Special Report on Drug Resistance

New class of inhibitor may attack resistance

Potential drug could be cost-efficient

There is new hope for a cost-efficient treatment for HIV-1 infected patients who no longer respond to protease inhibitor (PI) treatment due to multidrug resistance.1

Investigators in a collaboration involving Wayne State University in Detroit, Stanford (CA) University, and Northwestern University in Evanston, IL, are working on creating a new class of inhibitor that would work most effectively with patients who have been on PI therapy and have developed multidrug resistance to the currently available PIs, says Ladislau Kovari, PhD, an associate professor of biochemistry and molecular biology at Wayne State.

"These new protease inhibitors would be too large to be useful in treating treatment-naïve patients," he says. "But they are specifically targeted for the patients who have already developed resistance to currently available protease."

Investigators are exploring collaborations with pharmaceutical companies, Kovari says.

Viruses with certain mutations can survive in the presence of drugs, but they lose fitness and cannot replicate as well, and so they do not exert as great of a negative pressure on the immune system, says Rodger MacArthur, MD, an associate professor of medicine in the division of infectious diseases and director of HIV/AIDS clinical research at Wayne State.

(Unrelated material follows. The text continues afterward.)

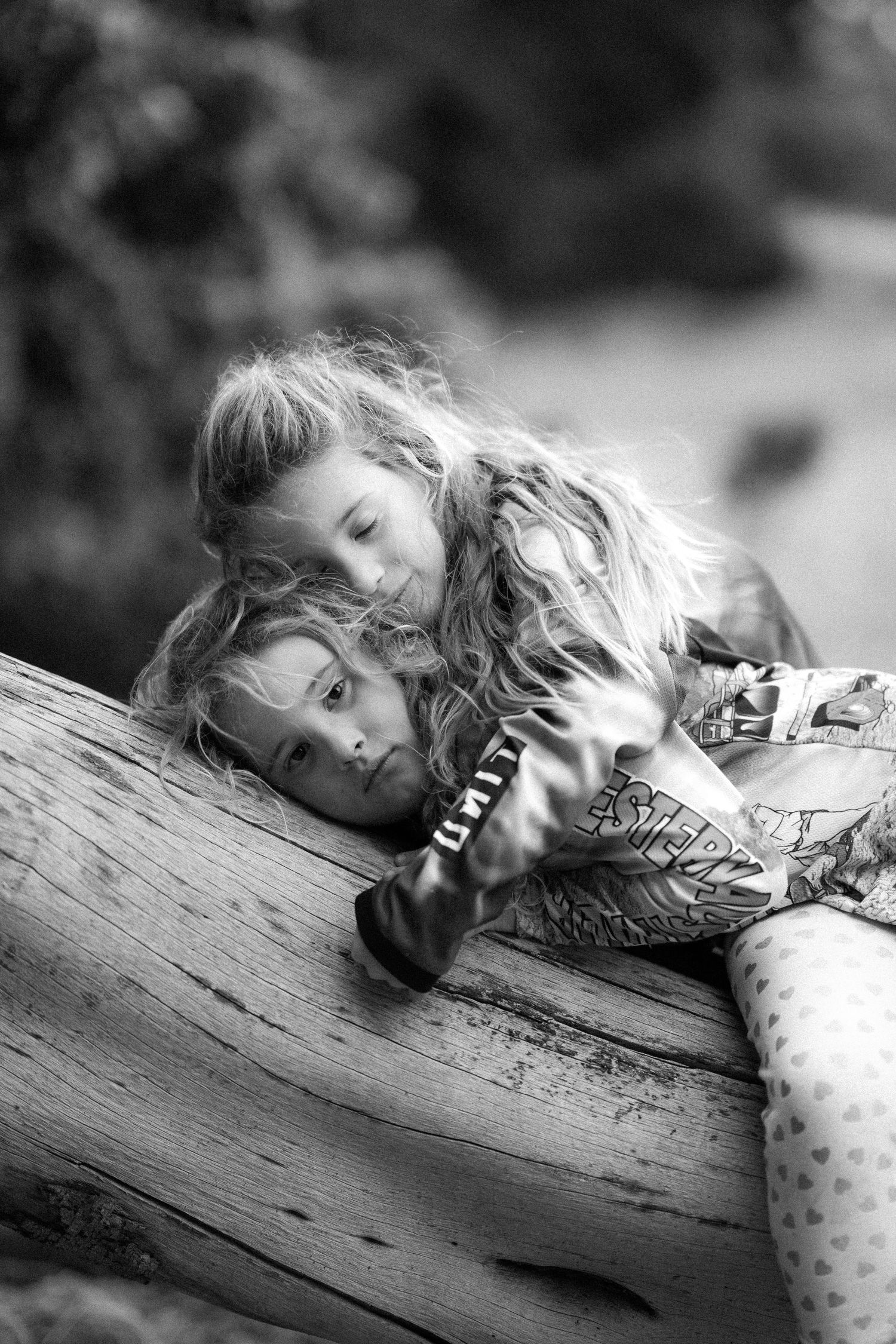 Children and adults sit on old tires under a large tree in a black and white outdoor photo.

"So an individual with HIV might be able to live longer and do better clinically if the person has a resistant virus than if the person had a virus that is not resistant to the drug," he says. "The good news about resistance is that while we’re not saying we want to encourage resistance, we may be able to get patients stabilized for years."

The trick is to get the mutation to work to the patient’s advantage, and an inhibitor that is designed specifically to treat a mutated virus might be the way to do this, MacArthur explains.

The new class of inhibitor would work this way: "Imagine the protease inhibitor as the key, and the Y-type protease in treatment-naïve patients as the lock," Kovari says. "What we’re finding is the lock is expanding as the virus mutates, so the key, the inhibitor, doesn’t bind tightly to the multidrug-resistant protease."

Based on this understanding, researchers are designing an inhibitor that is larger and will fit in the expanded lock, he adds.

"We’re currently at the stage where we know what to design, and we have just started to design these larger drugs," Kovari says. "So the next step is to test these larger drugs in the laboratory, and then once we have laboratory data, we can take these inhibitors into clinical development and test them in patients."

If this new class of inhibitors succeeds, the good news is it will involve expanded analogs of currently licensed inhibitors, which likely would have similar properties in terms of side effects, he says.

"We are not building from scratch," Kovari explains. "We’re building based on clinical and licensed experience of current inhibitors, so these inhibitors will be similar, except larger, and they can be ingested orally."

For these reasons, it’s likely the new class of inhibitor would be less costly to develop and, therefore, cheaper to bring to market, he notes.

"To my knowledge, this approach is novel," Kovari says. "We are looking at atomic detail as changes of virus, and based on that structural understanding, we are adapting the inhibitors to restore efficacy."

Reference

1. Martinez JL, MacArthur R, Vickrey J, et al. The multidrug-resistant HIV-1 protease represents a novel drug target. Presented at the 44th Interscience Conference on Antimicrobial Agents and Chemotherapy. Washington, DC; November 2004. Poster H-209.